ACTIVITY: Could you print exactly the lines of the listing below, starting at the line that has "All ten former" and ending at the line that has "Barnets Favorit Manicure sæt (1 sæt)", and only those lines?

RAW DATA:
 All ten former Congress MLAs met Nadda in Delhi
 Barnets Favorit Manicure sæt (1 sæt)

---

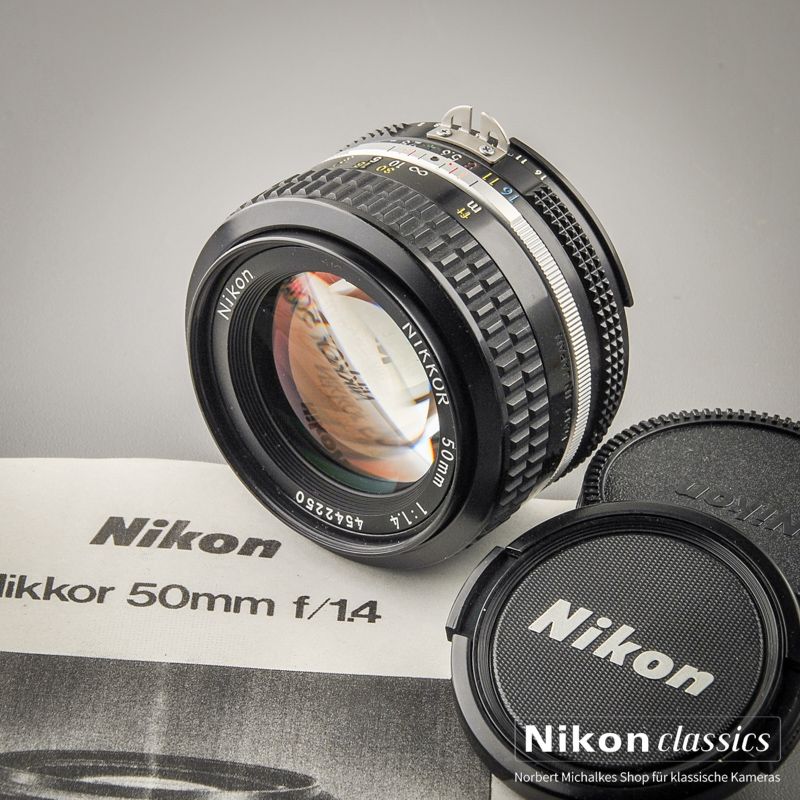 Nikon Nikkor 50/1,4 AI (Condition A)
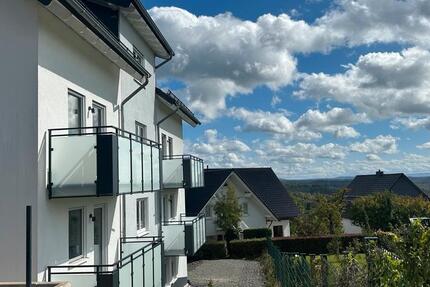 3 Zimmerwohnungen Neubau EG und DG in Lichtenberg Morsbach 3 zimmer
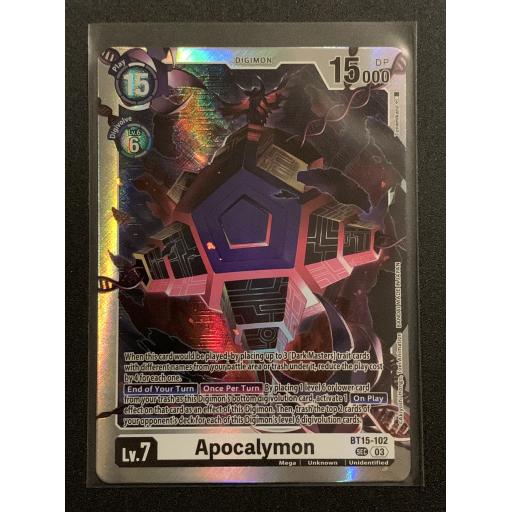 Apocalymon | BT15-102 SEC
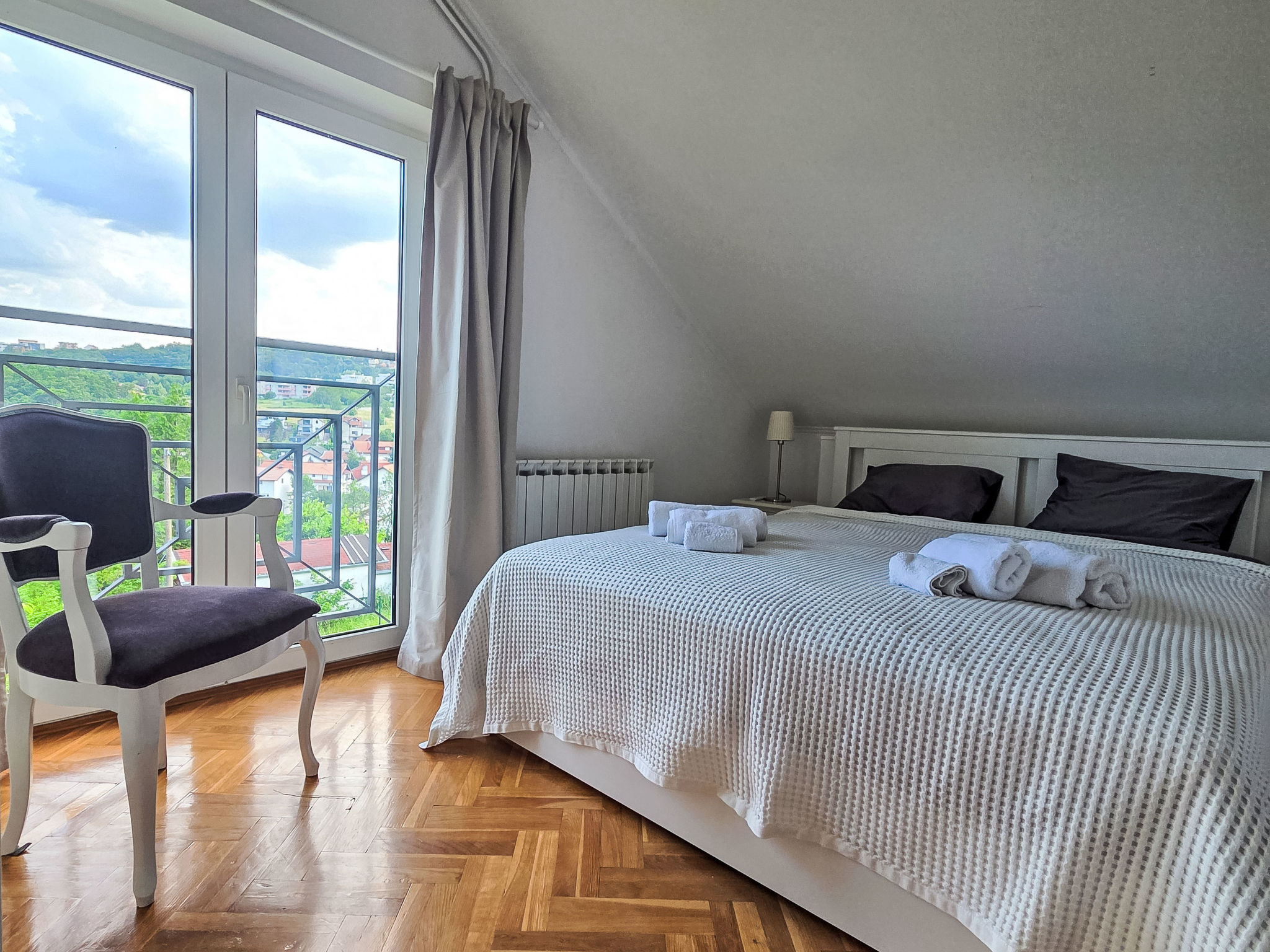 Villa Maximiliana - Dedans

...

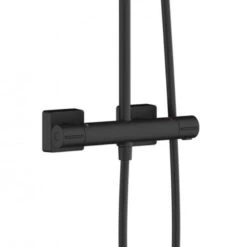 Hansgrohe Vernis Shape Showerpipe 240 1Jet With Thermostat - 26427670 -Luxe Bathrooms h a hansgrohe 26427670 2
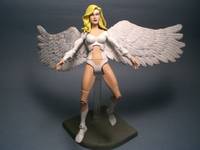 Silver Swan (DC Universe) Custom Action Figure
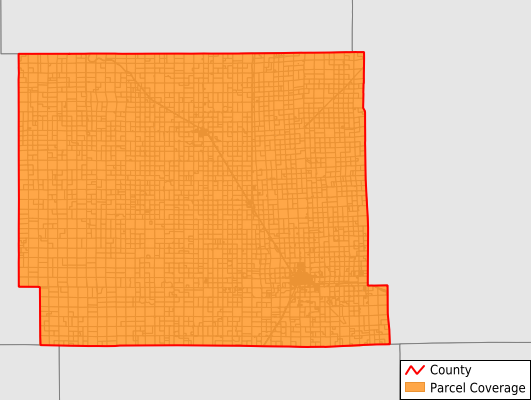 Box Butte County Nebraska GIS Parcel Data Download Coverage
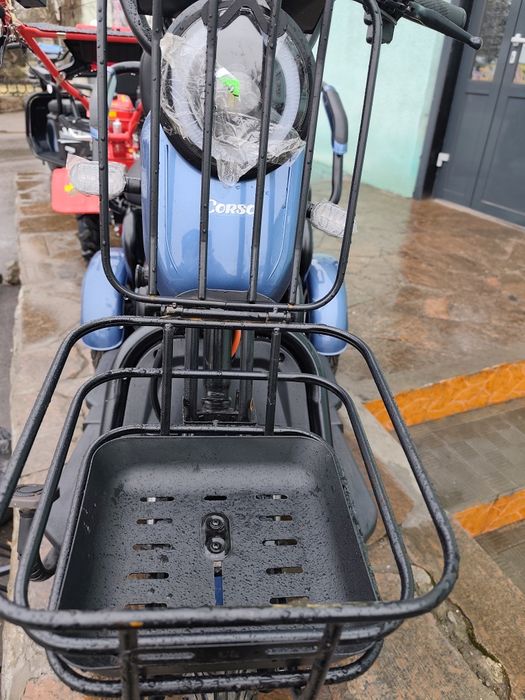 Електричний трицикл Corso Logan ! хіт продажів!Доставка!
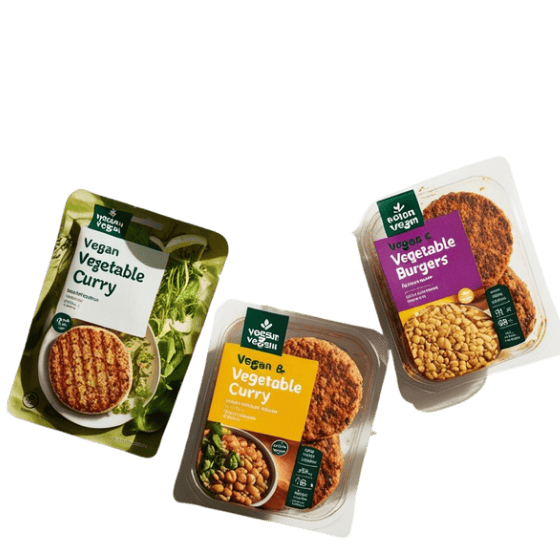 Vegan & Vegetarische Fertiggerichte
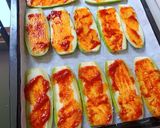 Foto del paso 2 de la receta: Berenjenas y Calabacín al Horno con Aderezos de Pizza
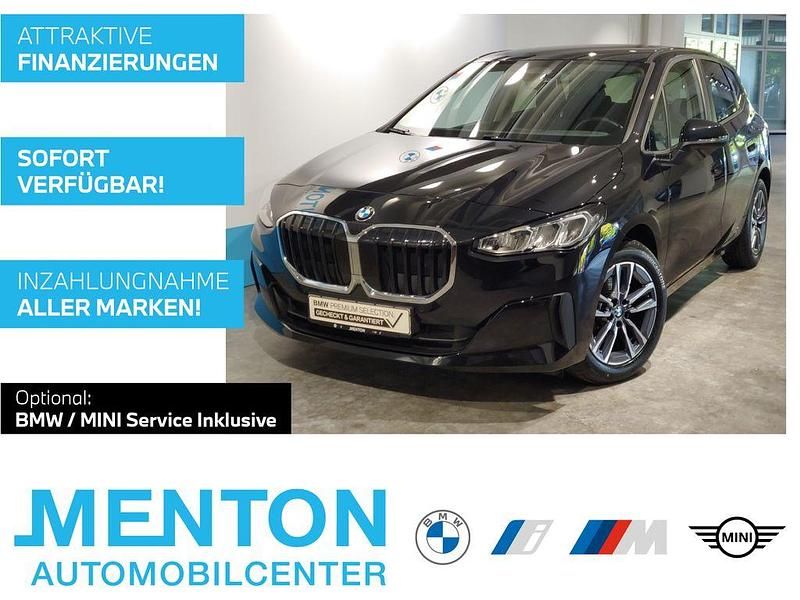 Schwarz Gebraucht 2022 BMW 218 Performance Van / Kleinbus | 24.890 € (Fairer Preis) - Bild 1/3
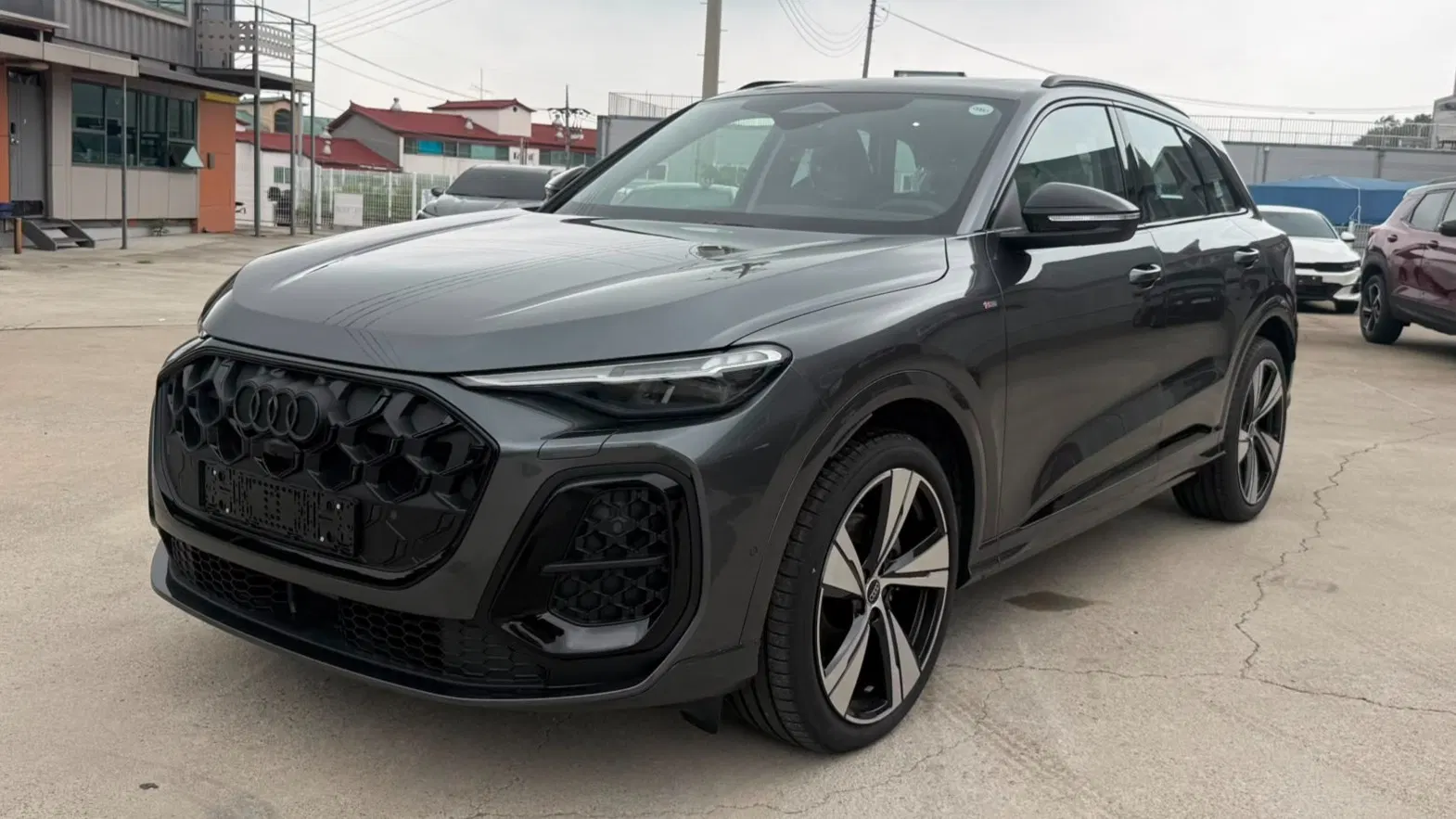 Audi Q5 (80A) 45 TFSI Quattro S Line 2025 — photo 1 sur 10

YOUR SOLUTION:
 All ten former Congress MLAs met Nadda in Delhi
 Barnets Favorit Manicure sæt (1 sæt)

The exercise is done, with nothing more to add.